Nella parte alta, non ricordo più per quale motivo, uscimmo con una variante a sinistra…..a ecco , non sono stato l’unico a scappare a sinistra , ricordo pilastri mobili in quella parte alta
La parete della Roccandagia, che si affaccia sulla bellissima conca di Campocatino, ha della roccia piuttosto mediocre. Un vero peccato perchè la parete è bella e imponente. Di itinerari su roccia ce ne sono diversi, la piu impegnstiva dovrebbe essere la via Biagi-Panesi-Pucci, ma per la brutta qualita della roccia, non vengono quasi mai saliti. In determinate condizioni invernali però la parete si riscatta alla grande, quando il ghiaccio blocca tutto e la parete regala belli e difficili itinerari di misto sui turf apuani induriti dal gelo.
Comunque, pur attingendo a tutta la mia pignoleria in materia, non riesco proprio a comprendere come sia possibile discutere tanto su cospicuo, notevole, rilevante e compagnia bella.
E se – per colpa di un ditino disorientato – vi fosse sfuggito un cospiquo, che avreste fatto? Un suicidio onorevole con la katana?
… … …
Alessandro, confessa: ci hai taciuto le botte da orbi che sono volate quella sera fra te e Angelo sulla fatidica Quota 2240,6 CTR. È cosí?
😀 😀 😀
“Durante tutta la primavera del 1997 continuarono le sessioni serali in piazza Baiamonti 3: i progressi nella stesura del testo della guida Mesolcina-Spluga ci sembravano di una lentezza infinita ma non sapevamo porci rimedio. Con Angelo ci accordavamo sui singoli aggettivi: parlando di una cuspide o di una guglia dovevamo decidere se usare la parola “cospicua”, oppure “notevole”, “rilevante” o altro ancora… Ricordo una discussione che durò almeno tre ore (quindi praticamente tutta la sera dedicata).”

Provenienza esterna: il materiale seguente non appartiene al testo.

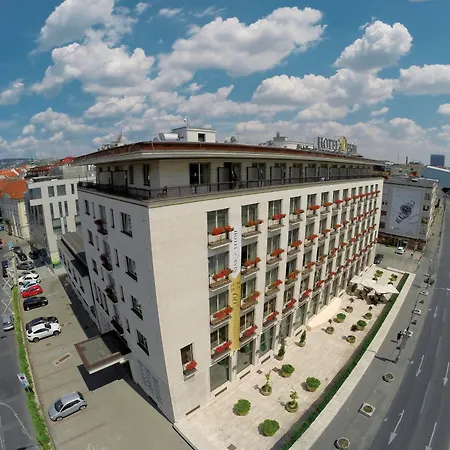 Devin Hotel 4*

Tutto ciò depone a favore della professionalità dei due autori: Angelo Recalcati e Alessandro Gogna. È cosí che si scrive, riflettendo perfino sulle singole parole.

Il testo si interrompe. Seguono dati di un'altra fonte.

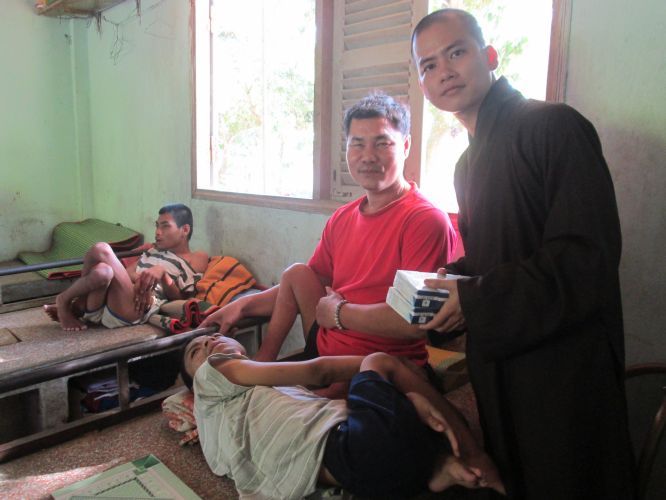 Bình Dương: Thầy Thích Thiện Đạt mang yêu thương đến Trung Tâm Bảo Trợ xã hội Chánh Phú Hoà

Bravo, Alessandro! Mi pare che tu possa avere un brillante futuro come compilatore di guide!
😀 😀 😀
La frana dei massi mobilità un po’ il meno interessante dei racconti dal metadiario finora.
concordo, via molto bella
Concordo con Alessandro, con roccia della parte alta non proprio delle migliori. Mentre nella prima parte buona, vedi placche della foto.